→ **Data**:
|---|

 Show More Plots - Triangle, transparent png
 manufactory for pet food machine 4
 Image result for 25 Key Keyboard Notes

|---|

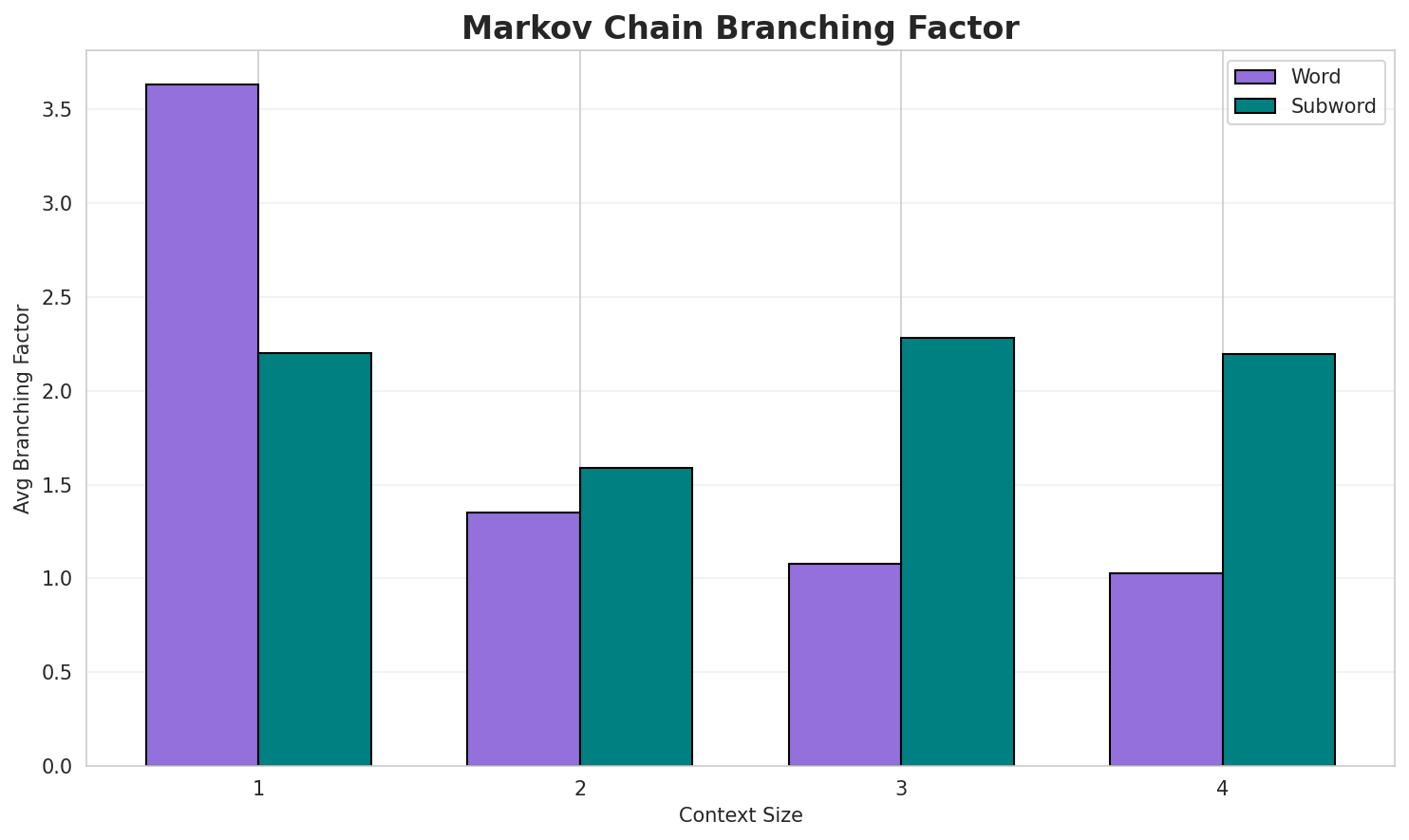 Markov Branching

|---|

→ **About this task**:
Within the material above, output exactly the lines from the one with "Show More Plots - Triangle, transparent png" through the one with "Image result for 25 Key Keyboard Notes", end lines included, and nothing besides.

→ **Task answer**:
 Show More Plots - Triangle, transparent png
 manufactory for pet food machine 4
 Image result for 25 Key Keyboard Notes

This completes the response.